» EXERCISE REQUIREMENTS: What you return should match the data below exactly, with every entry reproduced.

+++

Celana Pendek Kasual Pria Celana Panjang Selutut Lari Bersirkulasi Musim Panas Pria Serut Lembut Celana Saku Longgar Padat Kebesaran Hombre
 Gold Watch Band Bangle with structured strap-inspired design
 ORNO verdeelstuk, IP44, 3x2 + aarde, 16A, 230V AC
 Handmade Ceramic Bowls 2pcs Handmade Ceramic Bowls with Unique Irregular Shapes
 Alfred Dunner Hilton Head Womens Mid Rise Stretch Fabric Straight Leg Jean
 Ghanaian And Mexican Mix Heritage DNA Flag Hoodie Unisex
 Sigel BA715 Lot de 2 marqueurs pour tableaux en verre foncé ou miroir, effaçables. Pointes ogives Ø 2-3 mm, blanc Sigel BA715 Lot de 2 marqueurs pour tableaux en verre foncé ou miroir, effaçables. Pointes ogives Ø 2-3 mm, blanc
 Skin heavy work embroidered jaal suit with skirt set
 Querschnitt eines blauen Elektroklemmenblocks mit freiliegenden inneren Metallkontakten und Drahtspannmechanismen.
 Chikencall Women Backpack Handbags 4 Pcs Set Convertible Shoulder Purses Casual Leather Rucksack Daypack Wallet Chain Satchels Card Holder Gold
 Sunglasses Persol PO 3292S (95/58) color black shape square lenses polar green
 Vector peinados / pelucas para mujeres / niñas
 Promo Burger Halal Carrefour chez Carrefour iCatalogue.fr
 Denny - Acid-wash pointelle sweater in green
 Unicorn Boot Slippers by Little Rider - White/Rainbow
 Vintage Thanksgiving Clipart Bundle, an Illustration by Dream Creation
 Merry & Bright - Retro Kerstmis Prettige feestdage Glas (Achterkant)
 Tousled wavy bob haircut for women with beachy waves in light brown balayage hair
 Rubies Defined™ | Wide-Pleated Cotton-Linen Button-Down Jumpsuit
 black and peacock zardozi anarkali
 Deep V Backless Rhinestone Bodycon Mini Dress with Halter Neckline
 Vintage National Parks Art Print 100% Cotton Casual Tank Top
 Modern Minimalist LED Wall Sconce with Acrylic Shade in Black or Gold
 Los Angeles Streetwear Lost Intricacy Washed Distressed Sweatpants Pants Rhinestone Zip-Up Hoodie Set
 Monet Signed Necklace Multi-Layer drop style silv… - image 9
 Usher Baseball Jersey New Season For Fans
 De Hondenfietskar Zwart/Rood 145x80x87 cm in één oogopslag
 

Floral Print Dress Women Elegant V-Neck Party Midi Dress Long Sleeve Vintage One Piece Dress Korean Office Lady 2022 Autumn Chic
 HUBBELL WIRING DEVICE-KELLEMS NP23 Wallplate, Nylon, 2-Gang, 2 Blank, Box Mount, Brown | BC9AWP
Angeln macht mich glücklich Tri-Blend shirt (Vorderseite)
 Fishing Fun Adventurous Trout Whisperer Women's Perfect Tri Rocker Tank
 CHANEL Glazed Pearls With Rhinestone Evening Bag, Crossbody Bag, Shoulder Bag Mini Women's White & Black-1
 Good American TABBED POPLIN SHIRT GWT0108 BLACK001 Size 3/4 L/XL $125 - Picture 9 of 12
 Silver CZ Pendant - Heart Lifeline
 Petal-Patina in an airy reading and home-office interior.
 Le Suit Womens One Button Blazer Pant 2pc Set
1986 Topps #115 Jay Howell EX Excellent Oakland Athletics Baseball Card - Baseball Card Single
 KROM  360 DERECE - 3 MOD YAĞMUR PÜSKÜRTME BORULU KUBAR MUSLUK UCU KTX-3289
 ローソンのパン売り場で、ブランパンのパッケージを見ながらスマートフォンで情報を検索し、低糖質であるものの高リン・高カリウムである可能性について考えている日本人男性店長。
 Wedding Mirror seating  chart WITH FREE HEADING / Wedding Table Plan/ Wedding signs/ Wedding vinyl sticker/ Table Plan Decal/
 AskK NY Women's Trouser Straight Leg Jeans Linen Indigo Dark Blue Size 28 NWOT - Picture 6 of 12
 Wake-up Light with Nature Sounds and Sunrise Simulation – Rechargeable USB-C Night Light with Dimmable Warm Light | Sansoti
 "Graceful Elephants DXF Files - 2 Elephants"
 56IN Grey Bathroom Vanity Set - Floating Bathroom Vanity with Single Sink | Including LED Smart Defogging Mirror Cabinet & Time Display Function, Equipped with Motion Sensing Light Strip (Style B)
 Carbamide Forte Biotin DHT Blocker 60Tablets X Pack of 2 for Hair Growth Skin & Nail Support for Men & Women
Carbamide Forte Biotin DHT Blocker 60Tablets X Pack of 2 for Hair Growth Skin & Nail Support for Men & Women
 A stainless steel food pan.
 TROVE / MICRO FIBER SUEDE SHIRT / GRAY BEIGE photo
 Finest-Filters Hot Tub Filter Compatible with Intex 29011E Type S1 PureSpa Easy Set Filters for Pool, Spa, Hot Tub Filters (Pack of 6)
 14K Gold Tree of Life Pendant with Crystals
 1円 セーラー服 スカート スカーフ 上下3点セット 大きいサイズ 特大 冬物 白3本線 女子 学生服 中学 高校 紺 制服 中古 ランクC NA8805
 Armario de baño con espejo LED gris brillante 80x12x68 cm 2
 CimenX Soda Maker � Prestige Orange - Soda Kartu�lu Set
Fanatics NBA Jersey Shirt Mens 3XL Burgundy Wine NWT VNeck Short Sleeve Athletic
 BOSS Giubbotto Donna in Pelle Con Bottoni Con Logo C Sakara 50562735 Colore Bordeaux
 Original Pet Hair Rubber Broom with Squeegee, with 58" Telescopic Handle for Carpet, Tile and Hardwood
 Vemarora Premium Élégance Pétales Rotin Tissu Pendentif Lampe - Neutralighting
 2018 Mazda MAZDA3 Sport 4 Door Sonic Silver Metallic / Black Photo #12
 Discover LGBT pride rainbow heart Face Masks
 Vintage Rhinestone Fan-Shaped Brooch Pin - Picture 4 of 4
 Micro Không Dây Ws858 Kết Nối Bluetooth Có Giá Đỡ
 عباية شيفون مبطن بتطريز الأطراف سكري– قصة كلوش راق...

+++

» RESPONSE BOX:
Celana Pendek Kasual Pria Celana Panjang Selutut Lari Bersirkulasi Musim Panas Pria Serut Lembut Celana Saku Longgar Padat Kebesaran Hombre
 Gold Watch Band Bangle with structured strap-inspired design
 ORNO verdeelstuk, IP44, 3x2 + aarde, 16A, 230V AC
 Handmade Ceramic Bowls 2pcs Handmade Ceramic Bowls with Unique Irregular Shapes
 Alfred Dunner Hilton Head Womens Mid Rise Stretch Fabric Straight Leg Jean
 Ghanaian And Mexican Mix Heritage DNA Flag Hoodie Unisex
 Sigel BA715 Lot de 2 marqueurs pour tableaux en verre foncé ou miroir, effaçables. Pointes ogives Ø 2-3 mm, blanc Sigel BA715 Lot de 2 marqueurs pour tableaux en verre foncé ou miroir, effaçables. Pointes ogives Ø 2-3 mm, blanc
 Skin heavy work embroidered jaal suit with skirt set
 Querschnitt eines blauen Elektroklemmenblocks mit freiliegenden inneren Metallkontakten und Drahtspannmechanismen.
 Chikencall Women Backpack Handbags 4 Pcs Set Convertible Shoulder Purses Casual Leather Rucksack Daypack Wallet Chain Satchels Card Holder Gold
 Sunglasses Persol PO 3292S (95/58) color black shape square lenses polar green
 Vector peinados / pelucas para mujeres / niñas
 Promo Burger Halal Carrefour chez Carrefour iCatalogue.fr
 Denny - Acid-wash pointelle sweater in green
 Unicorn Boot Slippers by Little Rider - White/Rainbow
 Vintage Thanksgiving Clipart Bundle, an Illustration by Dream Creation
 Merry & Bright - Retro Kerstmis Prettige feestdage Glas (Achterkant)
 Tousled wavy bob haircut for women with beachy waves in light brown balayage hair
 Rubies Defined™ | Wide-Pleated Cotton-Linen Button-Down Jumpsuit
 black and peacock zardozi anarkali
 Deep V Backless Rhinestone Bodycon Mini Dress with Halter Neckline
 Vintage National Parks Art Print 100% Cotton Casual Tank Top
 Modern Minimalist LED Wall Sconce with Acrylic Shade in Black or Gold
 Los Angeles Streetwear Lost Intricacy Washed Distressed Sweatpants Pants Rhinestone Zip-Up Hoodie Set
 Monet Signed Necklace Multi-Layer drop style silv… - image 9
 Usher Baseball Jersey New Season For Fans
 De Hondenfietskar Zwart/Rood 145x80x87 cm in één oogopslag
 

Floral Print Dress Women Elegant V-Neck Party Midi Dress Long Sleeve Vintage One Piece Dress Korean Office Lady 2022 Autumn Chic
 HUBBELL WIRING DEVICE-KELLEMS NP23 Wallplate, Nylon, 2-Gang, 2 Blank, Box Mount, Brown | BC9AWP
Angeln macht mich glücklich Tri-Blend shirt (Vorderseite)
 Fishing Fun Adventurous Trout Whisperer Women's Perfect Tri Rocker Tank
 CHANEL Glazed Pearls With Rhinestone Evening Bag, Crossbody Bag, Shoulder Bag Mini Women's White & Black-1
 Good American TABBED POPLIN SHIRT GWT0108 BLACK001 Size 3/4 L/XL $125 - Picture 9 of 12
 Silver CZ Pendant - Heart Lifeline
 Petal-Patina in an airy reading and home-office interior.
 Le Suit Womens One Button Blazer Pant 2pc Set
1986 Topps #115 Jay Howell EX Excellent Oakland Athletics Baseball Card - Baseball Card Single
 KROM  360 DERECE - 3 MOD YAĞMUR PÜSKÜRTME BORULU KUBAR MUSLUK UCU KTX-3289
 ローソンのパン売り場で、ブランパンのパッケージを見ながらスマートフォンで情報を検索し、低糖質であるものの高リン・高カリウムである可能性について考えている日本人男性店長。
 Wedding Mirror seating  chart WITH FREE HEADING / Wedding Table Plan/ Wedding signs/ Wedding vinyl sticker/ Table Plan Decal/
 AskK NY Women's Trouser Straight Leg Jeans Linen Indigo Dark Blue Size 28 NWOT - Picture 6 of 12
 Wake-up Light with Nature Sounds and Sunrise Simulation – Rechargeable USB-C Night Light with Dimmable Warm Light | Sansoti
 "Graceful Elephants DXF Files - 2 Elephants"
 56IN Grey Bathroom Vanity Set - Floating Bathroom Vanity with Single Sink | Including LED Smart Defogging Mirror Cabinet & Time Display Function, Equipped with Motion Sensing Light Strip (Style B)
 Carbamide Forte Biotin DHT Blocker 60Tablets X Pack of 2 for Hair Growth Skin & Nail Support for Men & Women
Carbamide Forte Biotin DHT Blocker 60Tablets X Pack of 2 for Hair Growth Skin & Nail Support for Men & Women
 A stainless steel food pan.
 TROVE / MICRO FIBER SUEDE SHIRT / GRAY BEIGE photo
 Finest-Filters Hot Tub Filter Compatible with Intex 29011E Type S1 PureSpa Easy Set Filters for Pool, Spa, Hot Tub Filters (Pack of 6)
 14K Gold Tree of Life Pendant with Crystals
 1円 セーラー服 スカート スカーフ 上下3点セット 大きいサイズ 特大 冬物 白3本線 女子 学生服 中学 高校 紺 制服 中古 ランクC NA8805
 Armario de baño con espejo LED gris brillante 80x12x68 cm 2
 CimenX Soda Maker � Prestige Orange - Soda Kartu�lu Set
Fanatics NBA Jersey Shirt Mens 3XL Burgundy Wine NWT VNeck Short Sleeve Athletic
 BOSS Giubbotto Donna in Pelle Con Bottoni Con Logo C Sakara 50562735 Colore Bordeaux
 Original Pet Hair Rubber Broom with Squeegee, with 58" Telescopic Handle for Carpet, Tile and Hardwood
 Vemarora Premium Élégance Pétales Rotin Tissu Pendentif Lampe - Neutralighting
 2018 Mazda MAZDA3 Sport 4 Door Sonic Silver Metallic / Black Photo #12
 Discover LGBT pride rainbow heart Face Masks
 Vintage Rhinestone Fan-Shaped Brooch Pin - Picture 4 of 4
 Micro Không Dây Ws858 Kết Nối Bluetooth Có Giá Đỡ
 عباية شيفون مبطن بتطريز الأطراف سكري– قصة كلوش راق...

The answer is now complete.